Ce qui implique donc que l’individualité, la séparation, la division selon le Un, c’est cela qui fait-exister le monde pour nous. Un monde qui n’est pas pris dans l’échange global ; mais qui de ce fait permet la multiplication indéfinie des échanges , froids, extérieurs, non sensés, qui ne se pensent plus globalement (comme la parole anthropologique pensait globalement toute la réalité).
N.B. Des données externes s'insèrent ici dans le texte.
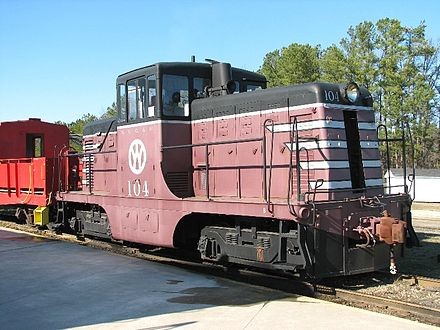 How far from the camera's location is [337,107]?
293 inches

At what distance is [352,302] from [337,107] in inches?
108

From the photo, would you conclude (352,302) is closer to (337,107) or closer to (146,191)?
(337,107)

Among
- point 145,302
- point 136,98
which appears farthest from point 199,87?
point 145,302

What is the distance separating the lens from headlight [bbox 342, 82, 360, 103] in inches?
295

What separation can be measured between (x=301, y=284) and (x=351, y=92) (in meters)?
2.92

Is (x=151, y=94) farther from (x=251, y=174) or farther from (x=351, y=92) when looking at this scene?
(x=351, y=92)

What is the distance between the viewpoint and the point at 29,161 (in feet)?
47.1

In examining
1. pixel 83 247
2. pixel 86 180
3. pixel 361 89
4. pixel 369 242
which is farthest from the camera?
pixel 86 180

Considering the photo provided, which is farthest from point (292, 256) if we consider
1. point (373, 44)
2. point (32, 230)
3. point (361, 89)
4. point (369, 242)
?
point (373, 44)

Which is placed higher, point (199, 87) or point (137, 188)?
point (199, 87)

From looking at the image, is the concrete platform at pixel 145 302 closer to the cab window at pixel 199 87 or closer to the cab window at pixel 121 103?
the cab window at pixel 121 103

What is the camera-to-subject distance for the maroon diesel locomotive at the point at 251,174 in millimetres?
7027

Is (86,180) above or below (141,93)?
below

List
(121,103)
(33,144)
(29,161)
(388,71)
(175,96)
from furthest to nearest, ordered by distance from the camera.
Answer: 1. (388,71)
2. (33,144)
3. (29,161)
4. (121,103)
5. (175,96) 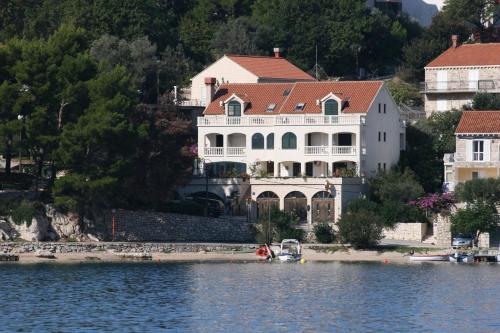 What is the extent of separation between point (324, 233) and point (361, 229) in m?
4.06

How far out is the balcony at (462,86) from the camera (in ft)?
393

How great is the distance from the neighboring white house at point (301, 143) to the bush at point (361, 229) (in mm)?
6569

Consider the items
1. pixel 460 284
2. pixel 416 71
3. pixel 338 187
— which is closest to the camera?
pixel 460 284

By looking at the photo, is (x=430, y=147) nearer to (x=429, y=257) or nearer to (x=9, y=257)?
(x=429, y=257)

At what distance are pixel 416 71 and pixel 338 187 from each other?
107 feet

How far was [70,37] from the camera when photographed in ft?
332

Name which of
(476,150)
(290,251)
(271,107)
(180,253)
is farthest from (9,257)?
(476,150)

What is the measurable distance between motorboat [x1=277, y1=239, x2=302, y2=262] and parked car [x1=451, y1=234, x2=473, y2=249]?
8.37 m

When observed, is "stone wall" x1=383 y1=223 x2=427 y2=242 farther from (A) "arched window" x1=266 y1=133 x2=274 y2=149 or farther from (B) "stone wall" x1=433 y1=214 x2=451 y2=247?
(A) "arched window" x1=266 y1=133 x2=274 y2=149

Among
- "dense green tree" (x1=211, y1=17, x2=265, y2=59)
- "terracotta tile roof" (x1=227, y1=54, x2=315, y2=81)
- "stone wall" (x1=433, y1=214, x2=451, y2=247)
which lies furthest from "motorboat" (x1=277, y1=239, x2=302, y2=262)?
"dense green tree" (x1=211, y1=17, x2=265, y2=59)

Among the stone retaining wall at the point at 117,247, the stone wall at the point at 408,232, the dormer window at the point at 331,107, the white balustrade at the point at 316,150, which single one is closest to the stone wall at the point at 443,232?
the stone wall at the point at 408,232

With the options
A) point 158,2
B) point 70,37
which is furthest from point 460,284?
point 158,2

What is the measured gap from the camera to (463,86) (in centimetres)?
12106

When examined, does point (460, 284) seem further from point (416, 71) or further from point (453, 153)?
point (416, 71) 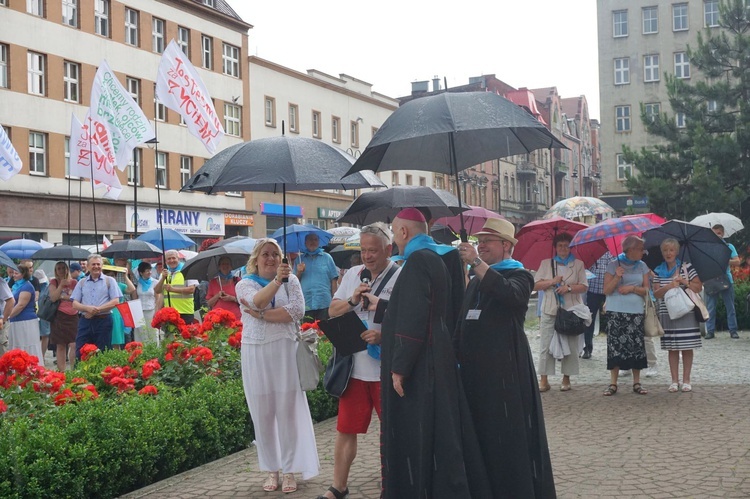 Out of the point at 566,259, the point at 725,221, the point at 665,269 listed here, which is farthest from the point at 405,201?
the point at 725,221

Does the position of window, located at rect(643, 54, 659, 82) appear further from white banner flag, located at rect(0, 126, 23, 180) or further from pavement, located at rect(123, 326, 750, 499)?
pavement, located at rect(123, 326, 750, 499)

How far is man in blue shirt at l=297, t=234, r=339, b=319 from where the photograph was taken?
44.8 feet

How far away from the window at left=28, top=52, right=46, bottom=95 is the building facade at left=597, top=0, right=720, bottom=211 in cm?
3824

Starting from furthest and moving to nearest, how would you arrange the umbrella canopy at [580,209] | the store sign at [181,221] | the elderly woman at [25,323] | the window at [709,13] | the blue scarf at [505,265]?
the window at [709,13] → the store sign at [181,221] → the umbrella canopy at [580,209] → the elderly woman at [25,323] → the blue scarf at [505,265]

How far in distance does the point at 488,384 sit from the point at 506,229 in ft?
3.51

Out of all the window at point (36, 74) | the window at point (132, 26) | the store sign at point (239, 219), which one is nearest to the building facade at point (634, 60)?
the store sign at point (239, 219)

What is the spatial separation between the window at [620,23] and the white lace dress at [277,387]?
201 ft

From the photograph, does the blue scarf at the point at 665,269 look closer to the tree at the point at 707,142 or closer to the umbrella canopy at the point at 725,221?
the umbrella canopy at the point at 725,221

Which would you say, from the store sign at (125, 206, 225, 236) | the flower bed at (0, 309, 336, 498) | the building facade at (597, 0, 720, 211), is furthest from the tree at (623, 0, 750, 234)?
the building facade at (597, 0, 720, 211)

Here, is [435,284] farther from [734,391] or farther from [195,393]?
[734,391]

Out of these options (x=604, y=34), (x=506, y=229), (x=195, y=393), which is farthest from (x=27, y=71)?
(x=604, y=34)

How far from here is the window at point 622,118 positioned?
65125 millimetres

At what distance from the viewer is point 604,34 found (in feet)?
213

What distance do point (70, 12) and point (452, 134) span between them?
110ft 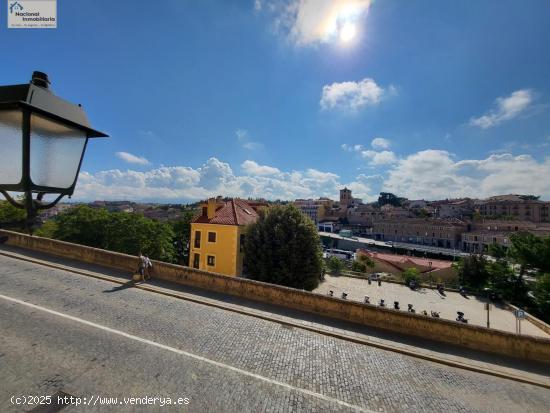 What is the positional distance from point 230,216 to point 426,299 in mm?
21393

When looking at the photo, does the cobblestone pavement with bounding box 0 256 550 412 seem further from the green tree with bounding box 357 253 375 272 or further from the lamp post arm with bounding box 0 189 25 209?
the green tree with bounding box 357 253 375 272

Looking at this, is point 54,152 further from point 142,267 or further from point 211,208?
point 211,208

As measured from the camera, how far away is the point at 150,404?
575 centimetres

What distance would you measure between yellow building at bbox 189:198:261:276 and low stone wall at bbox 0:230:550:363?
1228cm

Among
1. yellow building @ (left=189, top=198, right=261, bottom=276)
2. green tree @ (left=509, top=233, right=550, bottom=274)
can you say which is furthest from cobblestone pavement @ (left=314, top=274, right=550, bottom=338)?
yellow building @ (left=189, top=198, right=261, bottom=276)

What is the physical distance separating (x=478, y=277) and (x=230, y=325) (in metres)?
36.1

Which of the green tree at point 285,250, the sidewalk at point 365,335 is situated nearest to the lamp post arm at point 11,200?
the sidewalk at point 365,335

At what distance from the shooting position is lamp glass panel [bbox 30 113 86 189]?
7.46ft

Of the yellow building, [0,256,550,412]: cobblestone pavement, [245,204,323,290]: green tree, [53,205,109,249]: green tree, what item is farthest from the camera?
[53,205,109,249]: green tree

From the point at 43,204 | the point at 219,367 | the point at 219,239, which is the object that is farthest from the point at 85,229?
the point at 43,204

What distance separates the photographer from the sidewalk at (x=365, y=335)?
8.78 m

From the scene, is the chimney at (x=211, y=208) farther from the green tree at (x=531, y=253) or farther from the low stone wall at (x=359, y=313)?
the green tree at (x=531, y=253)

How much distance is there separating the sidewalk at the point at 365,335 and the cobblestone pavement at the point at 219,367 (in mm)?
381

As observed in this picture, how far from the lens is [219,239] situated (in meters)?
27.1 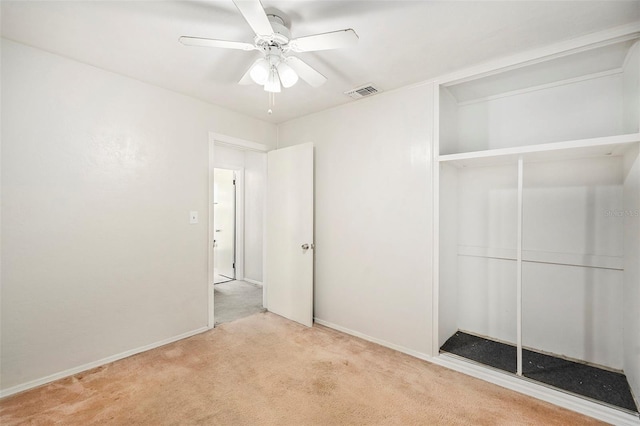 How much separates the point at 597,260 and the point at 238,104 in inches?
143

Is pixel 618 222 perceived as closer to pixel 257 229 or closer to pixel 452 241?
pixel 452 241

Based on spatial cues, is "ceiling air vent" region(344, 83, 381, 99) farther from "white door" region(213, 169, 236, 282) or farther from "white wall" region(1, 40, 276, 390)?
"white door" region(213, 169, 236, 282)

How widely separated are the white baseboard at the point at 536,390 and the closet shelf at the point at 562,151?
1702 mm

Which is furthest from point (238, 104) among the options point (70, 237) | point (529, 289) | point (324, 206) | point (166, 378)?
point (529, 289)

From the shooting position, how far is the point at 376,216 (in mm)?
2887

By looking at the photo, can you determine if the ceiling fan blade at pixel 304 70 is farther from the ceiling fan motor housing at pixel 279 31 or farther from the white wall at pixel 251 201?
the white wall at pixel 251 201

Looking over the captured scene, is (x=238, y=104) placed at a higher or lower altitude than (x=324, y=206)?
higher

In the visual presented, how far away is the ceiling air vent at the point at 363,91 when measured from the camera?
8.81ft

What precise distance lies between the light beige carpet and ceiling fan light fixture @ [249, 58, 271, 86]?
2193 millimetres

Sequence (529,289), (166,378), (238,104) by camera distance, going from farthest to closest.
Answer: (238,104) < (529,289) < (166,378)

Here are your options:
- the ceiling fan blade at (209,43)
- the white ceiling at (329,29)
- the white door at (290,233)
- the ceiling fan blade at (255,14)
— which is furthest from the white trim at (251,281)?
the ceiling fan blade at (255,14)

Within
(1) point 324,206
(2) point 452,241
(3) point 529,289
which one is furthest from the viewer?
(1) point 324,206

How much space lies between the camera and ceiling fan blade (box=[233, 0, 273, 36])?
4.30 ft

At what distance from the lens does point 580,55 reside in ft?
6.86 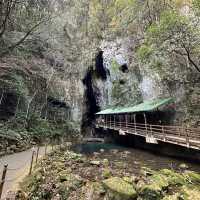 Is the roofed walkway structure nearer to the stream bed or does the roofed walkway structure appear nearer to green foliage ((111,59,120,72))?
the stream bed

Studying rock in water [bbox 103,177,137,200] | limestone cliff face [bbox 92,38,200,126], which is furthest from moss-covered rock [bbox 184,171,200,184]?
limestone cliff face [bbox 92,38,200,126]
Le un est en l’écrit, ce qui pousse à l’exigence ; que les signes d’un système cohérent élaboré individuellement (esthétiquement, éthiquement, législativement, mathématiquement, conceptuellement, etc) que ces signes soient tous, séparément, uns.

Or il se trouve que le Moi, psychologique, ne sait pas exister selon le Un ; il est encore selon la Parole.

17 janvier 2010

Le Un philosophique contre la totalisation humaine

La philosophie invente donc le Un. Envers et contre toute totalisation.

De ce fait l’écrit acquiert son véritable statut ; il brise la parole et rend vain toute transmission qui ne serait que parlée ; ce qui est parlé demeure cependant comme mémoire en tout autre ; cette mise en relation de tous dans la parole formalise ; de soi inclut l’universel ; n’est retenu que ce qui est avalisé par tous ou par un groupe. Mais dans ce cas, qui est énorme et qui a travaillé l’humanisation durant des millénaires, depuis l’invention du langage, ça n’est pas seulement ce qui est dit qui est mis en scène ; c’est l’ensemble ; la situation, le corps, les comportements, les possibles, les passés, les échanges, la représentation de soi et du monde, des autres pour eux-mêmes et des autres pour soi-même ; etc.

La parole synthétise directement et forme un cercle complet ; pour comprendre ce que l’autre dit, il faut déjà le savoir ; un minimum ; c’est cela la communication ; on sait ce que l’on entend, on entend ce que l’on dit (dans l’oreille de l’autre). La communication s’établit dans un ensemble déjà formé. Et en ce sens, l’autre nous parle puisque nous parlons également l’autre.

L’écrit déploie une toute autre pratique ; on ne sait pas ce qu’il va dire. Le texte forme à lui-même la situation, l’échange, le comportement, etc ; un tout ignoré. Il signifie à partir de soi et donc, pour tenir, se doit à une cohérence exigée ; si le texte ne comporte pas sa situation, il s’inclut simplement dans la parole en général. S’il ne comporte pas son ensemble, il doit être appris.

La brisure que comporte l’écrit est effet de l’universel ; l’universel n’est pas la résolution de tout dans l’Un ; philosophiquement on dit vouloir le Un (l’idée des idées, l’universel complet, la pensabilité unifiée), mais en réalité, de manifester que du Un il doit exister, implique que le Un est en soi ; cad séparé de tout le reste , séparé des non-uns ou des uns subsumés ; le bien subsume la morale, mais le bien ne peut l’être sans être vrai ; et le vrai ne peut pas être incompréhensible, mais défini , et donc selon le Un. Etc.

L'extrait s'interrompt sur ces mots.